Flanagan himself is less successful in his efforts to integrate his vision with Kubrick’s film. Rather than being inspired by it, he often feels shackled to it, if giddily so. The tale of Abra and the Knot is an enthralling horror twist on X-Men in all but name, and Dan’s inner struggle with his own demons works well when it’s seen through the lens of this primary plot. However, Flanagan is very determined to return to the Overlook Hotel – long since boarded up and abandoned in this version of the story – and he’ll be damned if he’s going to allow a tale about magic-eating vampires to interfere with the opportunity to recreate scenes from The Shining. Admittedly, it’s hard to repress a shiver when Dan warily suggests the locale for a climactic confrontation with Rose (“There’s a place…”), and the events that push him and Abra towards the Overlook feel much less contrived than they might have been. Still, there isn't much about the final 30 minutes or so of Doctor Sleep that feels particularly inspired, even if it's suitably creepy.

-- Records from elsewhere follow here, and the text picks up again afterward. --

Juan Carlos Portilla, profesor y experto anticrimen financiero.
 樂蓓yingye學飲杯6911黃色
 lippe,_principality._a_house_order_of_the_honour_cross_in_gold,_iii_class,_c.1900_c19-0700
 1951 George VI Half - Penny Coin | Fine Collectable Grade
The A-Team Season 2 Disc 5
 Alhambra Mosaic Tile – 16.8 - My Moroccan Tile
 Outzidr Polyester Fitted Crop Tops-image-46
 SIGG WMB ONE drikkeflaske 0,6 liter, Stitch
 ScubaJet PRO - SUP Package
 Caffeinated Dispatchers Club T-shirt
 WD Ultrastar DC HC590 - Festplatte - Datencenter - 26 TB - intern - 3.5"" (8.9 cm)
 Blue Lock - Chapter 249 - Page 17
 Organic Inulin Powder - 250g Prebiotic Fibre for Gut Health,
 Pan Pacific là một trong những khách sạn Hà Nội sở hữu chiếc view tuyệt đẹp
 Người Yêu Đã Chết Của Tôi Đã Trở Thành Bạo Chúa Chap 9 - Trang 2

There’s something faintly disappointing about the way that Flanagan turns the indefinable terrors of the Overlook into a mashup of 13 Ghosts (1960), The Amityville Horror (1979) and American Horror Story: Murder House (2011).

It’s certainly easy to see how the director might have fallen into this tempting trap — The Shining is a great film, after all, and there’s no sin in admiring it. Indeed, there are murmurs of some fascinating meta-themes in Doctor Sleep concerning horror fans’ (and horror filmmakers’) inability to escape the shadow of Kubrick’s film, as well as the way that cinematic images and soundscapes can soak deeply into our collective subconscious. However, it’s doubly disillusioning to see a filmmaker as skilled as Flanagan become distracted from a genuinely compelling good-vs-evil story set in the same world as King’s 1977 novel; it’s like watching a talented singer-songwriter fritter their stage time away on unimaginative covers. Simply put, Doctor Sleep is a great story about the Shining, but a meager sequel to The Shining. The film’s harrowing mood, its visual inventiveness, and Ferguson’s lusciously wicked performance all make one wonder what Flanagan’s feature might have looked like if it had not ventured back up the mountain.